Twigs also touched on how somatic healing runs through her Eusexua philosophy in an otherworldly collision on Spotify’s Countdown To podcast with singer-songwriter Imogen Heap. “I created these 11 pillars and made up these words for them,” she says of the creative process. “I started to, adjacent to the album, make up these words like croning, which is an addiction to technology.” The other ten pillars of well-being are intake, keychain, minestate, shaping, the art of sol, looping, opus, truth, eusexua body, and primal revelation. “I feel that if, I don’t mind, they can become out of control,” she explained in an interview with Wallpaper*.
Who’s featured?
Odds are impossibly low the 11-year-old North West has been to a rave of the sorts Eusexua conjures. Yet she is one of the featured artists on the album, rapping in Japanese on the aptly titled track “Childlike Things.” “Hello / My name is North-chan / California to Tokyo / Jesus king / God is praise / Jesus is the only true god,” North West says, translated to Japanese by Mikako “Meeka” Kameoka Livingston.

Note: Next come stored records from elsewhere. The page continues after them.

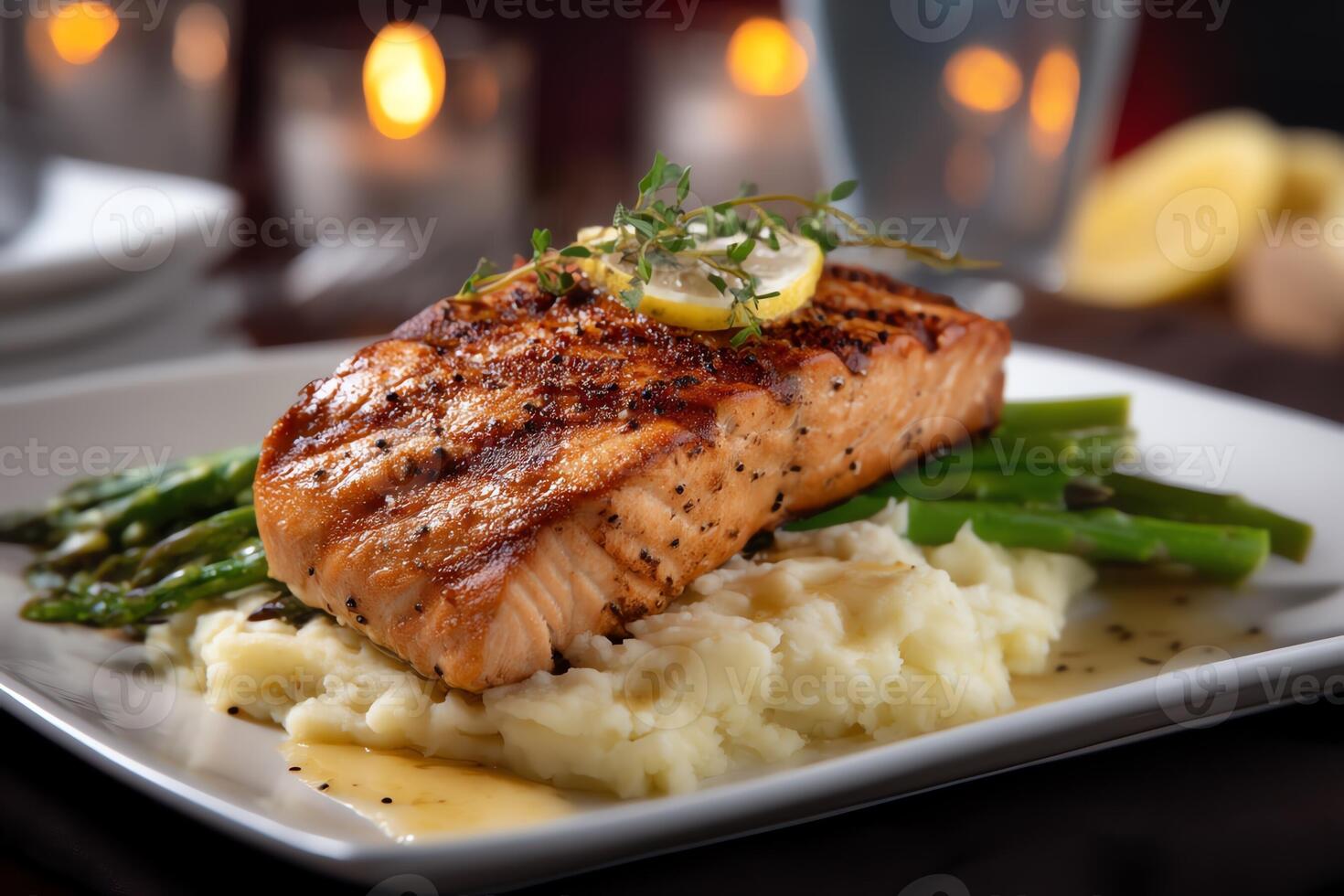 Grilled salmon fillet with mashed potatoes and asparagus. photo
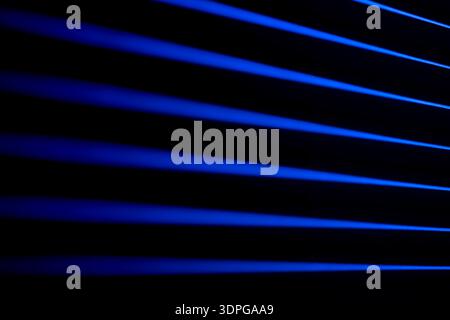 Blue light stripes with deep perspective. Neon stripes. Stock Photo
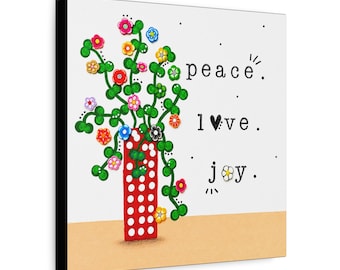 May include: A square wall art piece featuring a red vase with white polka dots containing green stems and colorful flowers. The text reads peace, l♥ve, and j✿y. The background is white with a tan base, and the side edges are black.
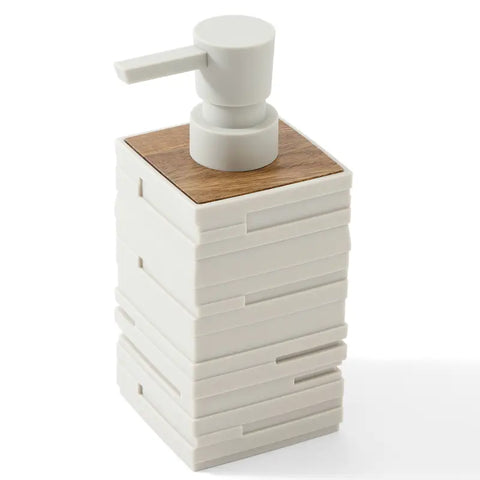 White soap dispenser with wooden top on a white background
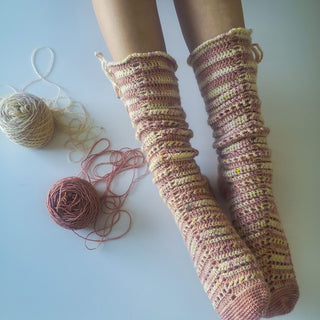 Romance Crochet Socks worn against white background with 2 balls of yarn on the side.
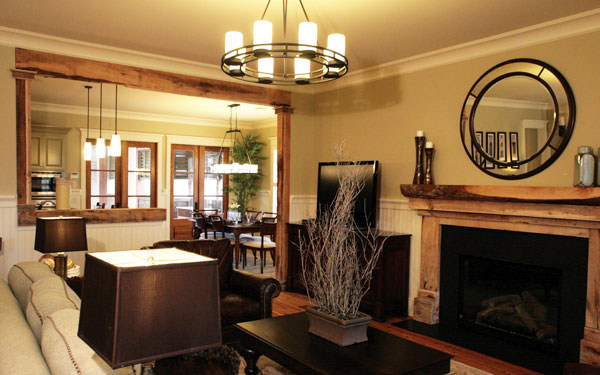 beautiful living room with round mirror above fireplace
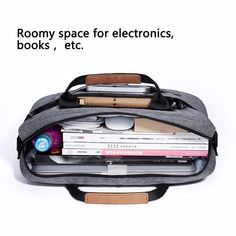 an open laptop bag sitting on top of a white table next to books and pens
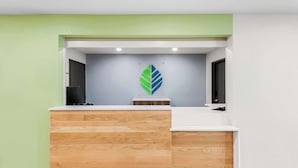 A reception desk with a wooden finish, a green wall to the left, and a grey wall with a leaf-shaped decoration above it. - Woodspring Suites Kansas City Airport (Kansas City)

The true collaborative force on the album is electronic musician, producer, and Twigs’s all-around co-conspirator Koreless, who features on single “Drums of Death.” Koreless, whose real name is Lewis Roberts, was the artist’s entrée into the world of dance music. He described them as becoming “quite good friends through all this,” while Twigs named him the album’s “guiding light” in her British Vogue interview.
Eusexua all the time?
Starting, naturally, in Prague on March 8, Twigs will take Eusexua on tour, with Stateside dates in Chicago, Toronto, New York, and San Francisco.
Alongside the album, Twigs began a creative partnership with running brand ON, producing the campaign “Body Is Art.” “Training puts me in a different mind and body space that elevates me to a higher frequency. When I train, I feel very beautiful, but it’s a beauty from the inside,” Twigs said of the collection. “It’s got nothing to do with how I look on the outside. It’s just a beautiful feeling. The body is art, so why don’t we approach it that way?” A little something for the rave babes who still make it to morning boxing. Then, there was her two-week exhibition at Sotheby’s titled “The Eleven” in September 2024. The durational piece, conceived and developed by Twigs, was performed by a rotating group of 11 “movers,” each embodying the different pillars she defined in the aforementioned Spotify interview.
Ready to experience more Eusexua?
Every good party deserves an afters. In her interview with Jake Shane, Twigs revealed there would be a deluxe edition of the album in an almost too casual quote about the random locations she found herself recording and writing the album. One deluxe track was written while on a “hippie retreat” on a secluded hill in Big Sur. “Unperfectly” features “the sound of waves in Ibiza crashing at the end of the ocean,” she said, before describing the retreat as “bizarre” with “no heating, no electricity, no Wi-Fi, no doors, no curtains.” The bout of asceticism didn’t deter her from finishing a quarter of the album, however. Eusexua is out, but it’s nowhere near over.